→ **WORK TO COMPLETE**
Having located "Peugeot 208 1.2" in the listing below, write out its line and every following line exactly, last line included, without the pictures.

-------------------------

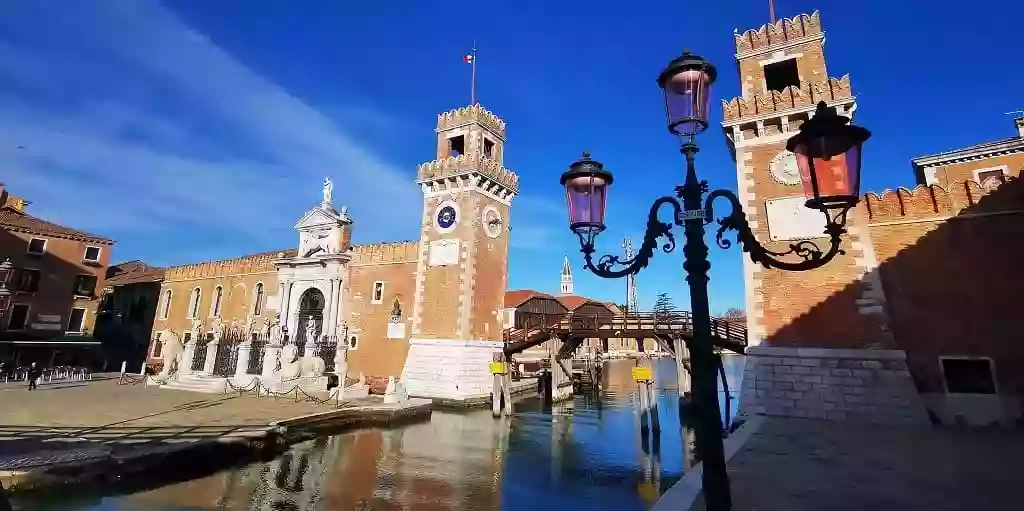 Arsenale 1104 srl | Property manager | Gestione casa vacanze a Venezia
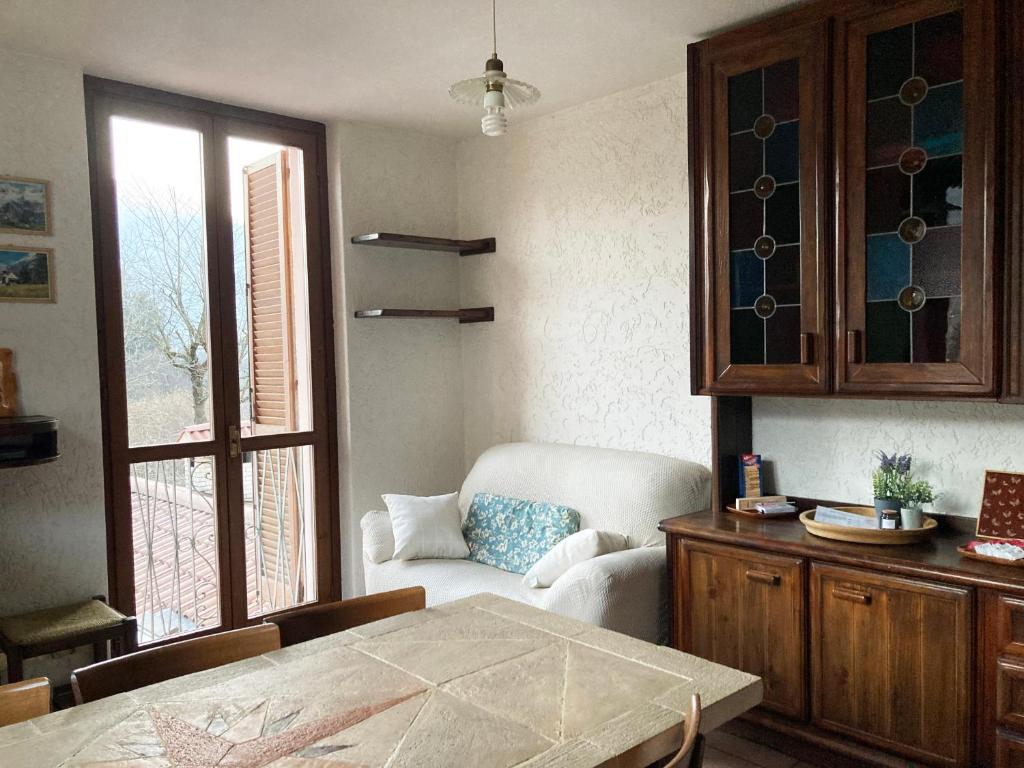 Mountain lodging with fireplace and mountain view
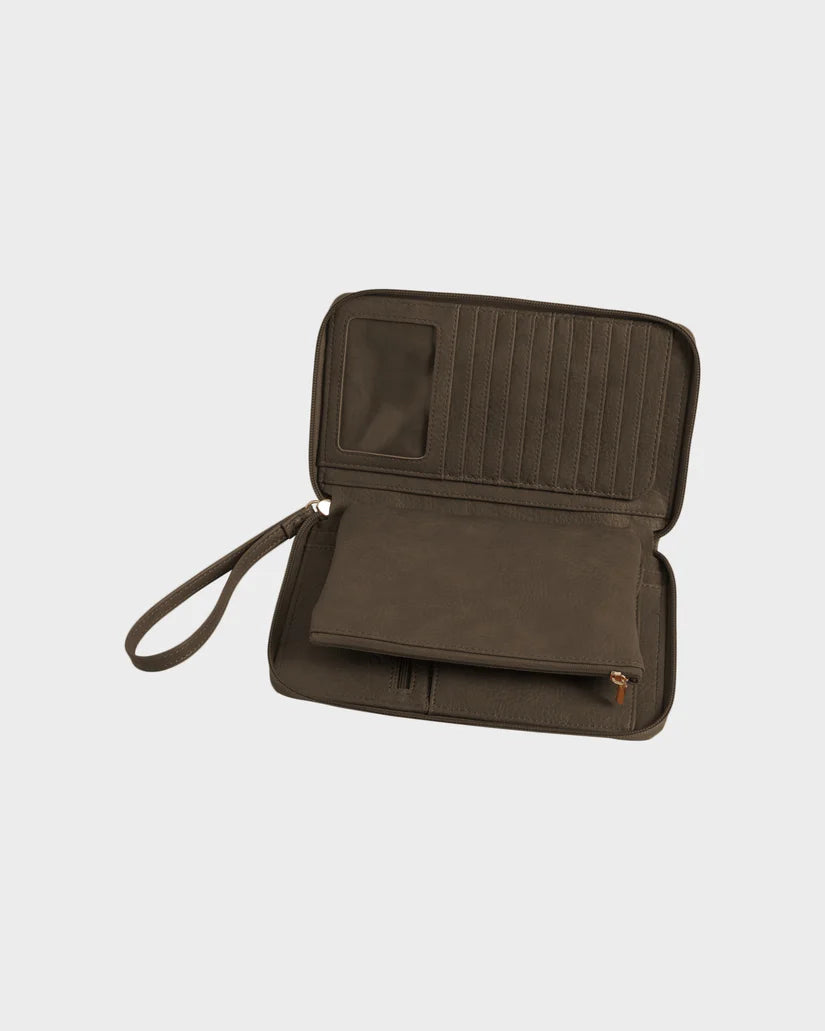 BILLABONG GOLDEN HOUR TRAVEL WALLET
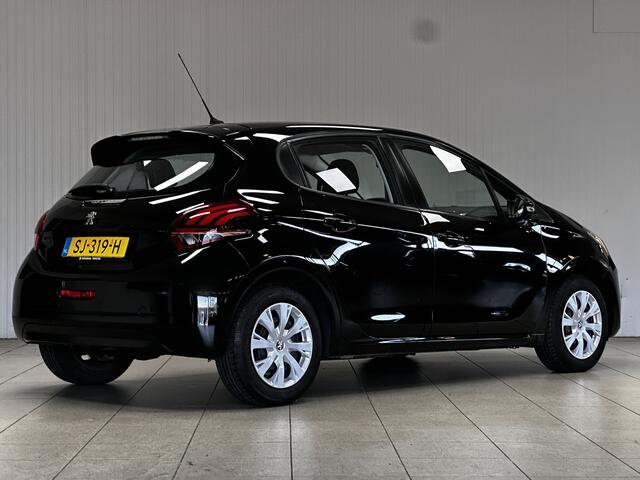 Peugeot 208 1.2 PureTech Active/ 5-Drs/ Navi/ Apple + android/ DAB+/ Airco/ Cruise/ Elek. pakket/ Isofix/ Bluetooth/ Multi. Stuur/ Mistl./ LED Dagrijverl.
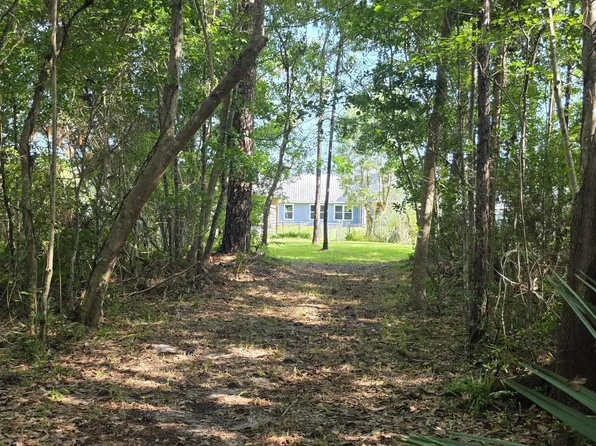 8154 Country Bay Blvd, Navarre, FL 32566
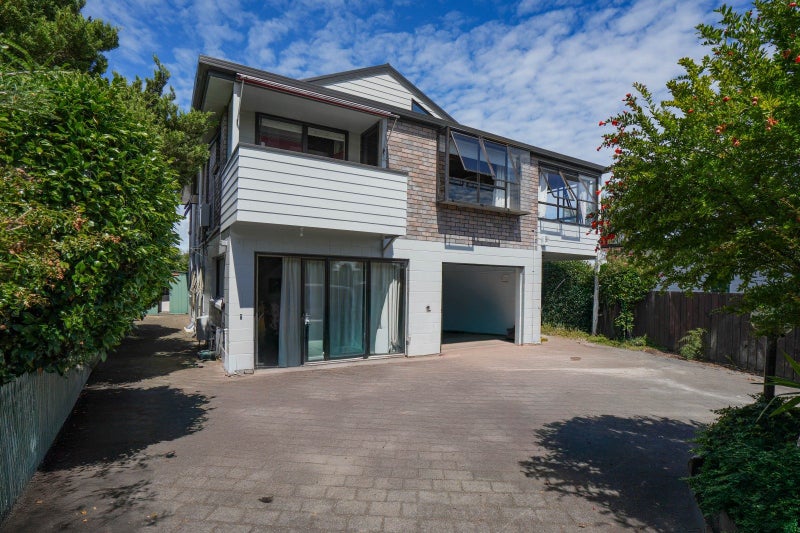 2/83 Rifle Range Road, Taupo - Carousel 1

-------------------------

→ **WRITTEN REPLY**
 Peugeot 208 1.2 PureTech Active/ 5-Drs/ Navi/ Apple + android/ DAB+/ Airco/ Cruise/ Elek. pakket/ Isofix/ Bluetooth/ Multi. Stuur/ Mistl./ LED Dagrijverl.
 8154 Country Bay Blvd, Navarre, FL 32566
 2/83 Rifle Range Road, Taupo - Carousel 1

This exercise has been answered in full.